Just remember, there are a lot of internet strangers who wish you well and want what’s best for you.
When I was out doing census calls last week, a guy was chasing after his medium-sized dog who was just running free, and right towards me. I grabbed my pepper spray and pointed it towards the dog. The guy called to me, in an exasperated tone of voice, “He’s not going to do anything to you!” You’re goddamned right he isn’t - he’s going to get a face full of pepper spray because YOU’RE a lousy dog owner.
I’d like to pit this sudden specificity whose bloody head has lately emerged. Yes, I know it’s technically correct, but the external female genitalia has been colloquially referred to as “vagina” in crude jokes since I was a snickering kid. Can’t we excuse it as a form of metonymy, or something?
Someone sent my ex-fiance the link to my engagement announcement in the paper. I haven’t talked to him for almost 2 years and suddenly he’s flooding my email calling me a cheating bitch and threatening me with physical harm. He’s also left messages on my phone, I haven’t listened to them, but I expect they are not nice.
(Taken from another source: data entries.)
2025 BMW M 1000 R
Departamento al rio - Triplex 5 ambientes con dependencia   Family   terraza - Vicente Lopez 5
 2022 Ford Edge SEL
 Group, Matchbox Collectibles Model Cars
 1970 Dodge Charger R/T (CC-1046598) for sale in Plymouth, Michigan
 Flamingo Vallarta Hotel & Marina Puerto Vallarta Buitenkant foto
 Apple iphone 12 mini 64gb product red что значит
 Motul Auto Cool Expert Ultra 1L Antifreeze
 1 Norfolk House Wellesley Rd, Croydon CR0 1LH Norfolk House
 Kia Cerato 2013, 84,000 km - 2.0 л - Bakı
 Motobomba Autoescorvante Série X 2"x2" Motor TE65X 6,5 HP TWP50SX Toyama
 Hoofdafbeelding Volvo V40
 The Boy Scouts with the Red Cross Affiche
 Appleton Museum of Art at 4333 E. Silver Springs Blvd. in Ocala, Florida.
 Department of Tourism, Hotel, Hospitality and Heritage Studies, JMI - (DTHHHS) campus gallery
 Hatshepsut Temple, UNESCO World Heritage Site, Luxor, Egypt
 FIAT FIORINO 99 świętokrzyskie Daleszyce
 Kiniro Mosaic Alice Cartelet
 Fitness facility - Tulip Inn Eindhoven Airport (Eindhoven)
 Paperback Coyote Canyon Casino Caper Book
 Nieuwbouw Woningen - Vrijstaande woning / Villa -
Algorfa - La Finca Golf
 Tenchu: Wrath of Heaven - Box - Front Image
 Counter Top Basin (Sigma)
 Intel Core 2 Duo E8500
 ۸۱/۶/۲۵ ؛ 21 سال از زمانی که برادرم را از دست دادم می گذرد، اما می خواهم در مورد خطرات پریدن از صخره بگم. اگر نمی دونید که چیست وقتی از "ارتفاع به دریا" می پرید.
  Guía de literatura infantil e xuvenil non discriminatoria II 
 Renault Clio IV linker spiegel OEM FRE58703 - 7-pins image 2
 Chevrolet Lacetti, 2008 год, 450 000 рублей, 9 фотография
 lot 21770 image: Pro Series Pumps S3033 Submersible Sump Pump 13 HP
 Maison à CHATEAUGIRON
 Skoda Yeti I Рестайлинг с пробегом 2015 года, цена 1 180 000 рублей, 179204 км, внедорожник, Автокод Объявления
He’s an idiot. He’s a Marine. If this keeps up, I’ll have to find out where he’s stationed and then contact the base commander. I used to think that he was smart. When he broke up with me, I tried to be considerate to his parents and I refinanced our home to take his name off the mortgage. I didn’t want to damage his career, hurt his family and finances.
Now…I’m just pissed off. You folks probably don’t know that I can be a real bitch when its needed, but I can and will if this shit continues tomorrow.
AND, Bill isn’t being much help. His answer to the problem was that I should just pack up my cats, quit my job and move to Texas tonight.